**Problem to solve:**
Please write out exactly, and only, the lines from the first in the material below to the line containing "朴彩英二转标明红发彩英", both included.

**Data to use:**

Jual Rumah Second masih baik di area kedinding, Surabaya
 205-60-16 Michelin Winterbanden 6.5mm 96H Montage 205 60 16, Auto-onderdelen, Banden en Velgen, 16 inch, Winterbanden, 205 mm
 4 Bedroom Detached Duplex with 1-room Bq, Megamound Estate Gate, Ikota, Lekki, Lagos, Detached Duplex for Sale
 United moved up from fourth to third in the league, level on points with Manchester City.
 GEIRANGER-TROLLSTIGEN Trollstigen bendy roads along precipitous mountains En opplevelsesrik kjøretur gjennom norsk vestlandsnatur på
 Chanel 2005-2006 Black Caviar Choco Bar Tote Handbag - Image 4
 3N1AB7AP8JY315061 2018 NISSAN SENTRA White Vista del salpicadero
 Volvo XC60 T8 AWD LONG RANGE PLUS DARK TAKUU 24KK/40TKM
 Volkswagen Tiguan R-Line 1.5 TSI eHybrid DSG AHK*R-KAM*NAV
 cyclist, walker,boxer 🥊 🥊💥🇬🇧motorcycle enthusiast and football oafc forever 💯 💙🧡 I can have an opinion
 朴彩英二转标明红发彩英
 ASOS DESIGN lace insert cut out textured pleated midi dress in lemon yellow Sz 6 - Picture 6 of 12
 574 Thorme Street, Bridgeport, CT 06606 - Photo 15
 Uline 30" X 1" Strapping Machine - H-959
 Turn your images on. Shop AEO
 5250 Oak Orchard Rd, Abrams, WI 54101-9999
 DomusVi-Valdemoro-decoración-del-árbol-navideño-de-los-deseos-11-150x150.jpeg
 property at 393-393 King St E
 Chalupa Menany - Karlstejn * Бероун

**Result:**
Jual Rumah Second masih baik di area kedinding, Surabaya
 205-60-16 Michelin Winterbanden 6.5mm 96H Montage 205 60 16, Auto-onderdelen, Banden en Velgen, 16 inch, Winterbanden, 205 mm
 4 Bedroom Detached Duplex with 1-room Bq, Megamound Estate Gate, Ikota, Lekki, Lagos, Detached Duplex for Sale
 United moved up from fourth to third in the league, level on points with Manchester City.
 GEIRANGER-TROLLSTIGEN Trollstigen bendy roads along precipitous mountains En opplevelsesrik kjøretur gjennom norsk vestlandsnatur på
 Chanel 2005-2006 Black Caviar Choco Bar Tote Handbag - Image 4
 3N1AB7AP8JY315061 2018 NISSAN SENTRA White Vista del salpicadero
 Volvo XC60 T8 AWD LONG RANGE PLUS DARK TAKUU 24KK/40TKM
 Volkswagen Tiguan R-Line 1.5 TSI eHybrid DSG AHK*R-KAM*NAV
 cyclist, walker,boxer 🥊 🥊💥🇬🇧motorcycle enthusiast and football oafc forever 💯 💙🧡 I can have an opinion
 朴彩英二转标明红发彩英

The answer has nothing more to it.